In the dream, Roz – I still want to call her Dr. Cartwright, but she signs off her emails to me with ‘Roz’, so I will try – watches colleagues receive awards in succession at a conference, as they are lauded for their work and treated with much respect on stage. When it is her turn, a harlequin assistant figure takes the mickey out of her, pretends not to see her, and does not give her to the same reception. In that moment, “I was on the outside, literally standing on the fringe, while the others were insiders, on stage or seated with their backs to me” (p. 170).
As Roz explained in her wonderful book, her dream was likely triggered by the rejection of a symposium proposal she had formulated for the conference, which had tapped into feelings of invisibility and a conflict she had felt between being an independent researcher versus playing the game to be a part of the ‘club’. As she put it, the rejection “threatened a core characteristic of my self-concept—‘I am a good sleep researcher who goes her own way’” (p. 171).

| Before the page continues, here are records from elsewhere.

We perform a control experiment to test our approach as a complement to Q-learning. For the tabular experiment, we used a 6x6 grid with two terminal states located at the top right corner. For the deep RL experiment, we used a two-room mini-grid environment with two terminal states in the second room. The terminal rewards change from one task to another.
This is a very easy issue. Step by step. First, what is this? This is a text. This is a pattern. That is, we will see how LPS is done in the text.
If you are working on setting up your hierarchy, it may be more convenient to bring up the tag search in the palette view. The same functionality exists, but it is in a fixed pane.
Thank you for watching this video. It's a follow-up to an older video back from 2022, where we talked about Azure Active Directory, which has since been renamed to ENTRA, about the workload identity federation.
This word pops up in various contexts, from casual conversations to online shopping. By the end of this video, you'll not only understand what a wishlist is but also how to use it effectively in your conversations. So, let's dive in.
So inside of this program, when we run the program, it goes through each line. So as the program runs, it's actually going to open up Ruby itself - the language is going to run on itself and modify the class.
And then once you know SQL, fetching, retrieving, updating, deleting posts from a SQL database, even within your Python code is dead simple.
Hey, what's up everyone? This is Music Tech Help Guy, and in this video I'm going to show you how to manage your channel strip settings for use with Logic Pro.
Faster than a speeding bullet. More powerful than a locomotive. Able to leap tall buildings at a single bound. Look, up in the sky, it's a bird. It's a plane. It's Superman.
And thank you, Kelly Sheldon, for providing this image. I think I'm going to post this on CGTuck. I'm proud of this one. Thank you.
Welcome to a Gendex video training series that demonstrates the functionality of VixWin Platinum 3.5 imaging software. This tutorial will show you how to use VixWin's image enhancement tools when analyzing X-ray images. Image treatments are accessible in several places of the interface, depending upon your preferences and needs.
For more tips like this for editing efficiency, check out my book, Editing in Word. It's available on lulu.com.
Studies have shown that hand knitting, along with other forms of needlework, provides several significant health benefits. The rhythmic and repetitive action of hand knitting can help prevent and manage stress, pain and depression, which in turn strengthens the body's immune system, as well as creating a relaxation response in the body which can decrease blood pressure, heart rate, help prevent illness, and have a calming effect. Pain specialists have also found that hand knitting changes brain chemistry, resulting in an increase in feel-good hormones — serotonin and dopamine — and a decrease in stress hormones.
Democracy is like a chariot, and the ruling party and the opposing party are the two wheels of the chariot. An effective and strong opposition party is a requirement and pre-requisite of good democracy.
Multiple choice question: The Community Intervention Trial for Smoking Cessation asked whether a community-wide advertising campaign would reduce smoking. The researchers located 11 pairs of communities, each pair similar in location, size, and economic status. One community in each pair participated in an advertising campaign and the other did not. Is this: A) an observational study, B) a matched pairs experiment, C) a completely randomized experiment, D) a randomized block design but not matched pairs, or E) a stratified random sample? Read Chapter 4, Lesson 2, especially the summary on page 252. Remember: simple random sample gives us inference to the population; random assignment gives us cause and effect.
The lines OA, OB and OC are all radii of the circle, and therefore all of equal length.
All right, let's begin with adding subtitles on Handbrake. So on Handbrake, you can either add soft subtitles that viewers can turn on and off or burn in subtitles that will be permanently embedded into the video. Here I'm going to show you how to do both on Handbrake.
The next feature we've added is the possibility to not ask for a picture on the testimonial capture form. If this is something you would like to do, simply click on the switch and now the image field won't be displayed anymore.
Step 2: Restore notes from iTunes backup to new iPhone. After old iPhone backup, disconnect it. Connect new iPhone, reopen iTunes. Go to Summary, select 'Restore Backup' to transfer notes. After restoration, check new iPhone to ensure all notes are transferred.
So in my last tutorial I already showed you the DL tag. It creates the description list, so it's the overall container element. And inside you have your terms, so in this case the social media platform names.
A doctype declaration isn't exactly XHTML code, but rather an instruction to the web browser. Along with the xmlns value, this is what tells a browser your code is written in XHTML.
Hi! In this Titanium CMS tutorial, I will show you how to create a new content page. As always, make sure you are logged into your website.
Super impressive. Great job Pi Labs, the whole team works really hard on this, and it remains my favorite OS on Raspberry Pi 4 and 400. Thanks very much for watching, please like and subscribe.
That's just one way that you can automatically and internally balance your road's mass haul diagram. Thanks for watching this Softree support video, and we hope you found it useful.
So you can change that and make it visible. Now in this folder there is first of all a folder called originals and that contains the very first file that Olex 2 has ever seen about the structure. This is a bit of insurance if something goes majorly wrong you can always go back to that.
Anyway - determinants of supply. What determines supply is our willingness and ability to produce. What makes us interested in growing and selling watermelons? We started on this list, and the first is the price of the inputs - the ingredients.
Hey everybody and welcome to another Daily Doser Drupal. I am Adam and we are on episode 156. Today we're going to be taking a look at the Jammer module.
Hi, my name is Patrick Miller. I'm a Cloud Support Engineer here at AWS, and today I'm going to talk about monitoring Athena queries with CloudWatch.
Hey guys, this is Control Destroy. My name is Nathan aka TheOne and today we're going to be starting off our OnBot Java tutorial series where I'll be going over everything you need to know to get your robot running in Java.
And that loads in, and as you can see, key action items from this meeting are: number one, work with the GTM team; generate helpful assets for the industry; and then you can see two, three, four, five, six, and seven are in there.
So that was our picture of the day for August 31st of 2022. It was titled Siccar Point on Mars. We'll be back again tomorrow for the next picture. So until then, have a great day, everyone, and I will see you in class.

Interestingly, Roz had come across that harlequin character during sleep back when she was a child, and he has been a returning day (or night) player every so often in her dreams. However, compared to his appearances as much more menacing robber in earlier dreams, his appearance this time was different (p. 171):
The harlequin is not as feared in this dream as when he had the role of a robber. He was still engaged in robbing me, now of professional recognition, and in both dreams he was thinly disguised, a bad man pretending to be good … This time, the bad man did not frighten me; the feeling was of puzzled disappointment. I see him as only a ‘clown.’ Even more positively, I knew in the later dream that I had produced a body of work that I deemed was worthy of being noticed. The emotional message of that dream was: ‘You know what you have done; you don’t need the clowns to applaud you.’
I spoke to Dr Cartwright a couple of weeks ago to wish her a belated happy 98th birthday.
May we all spot the champions, and harlequins, in our 24-hour lives.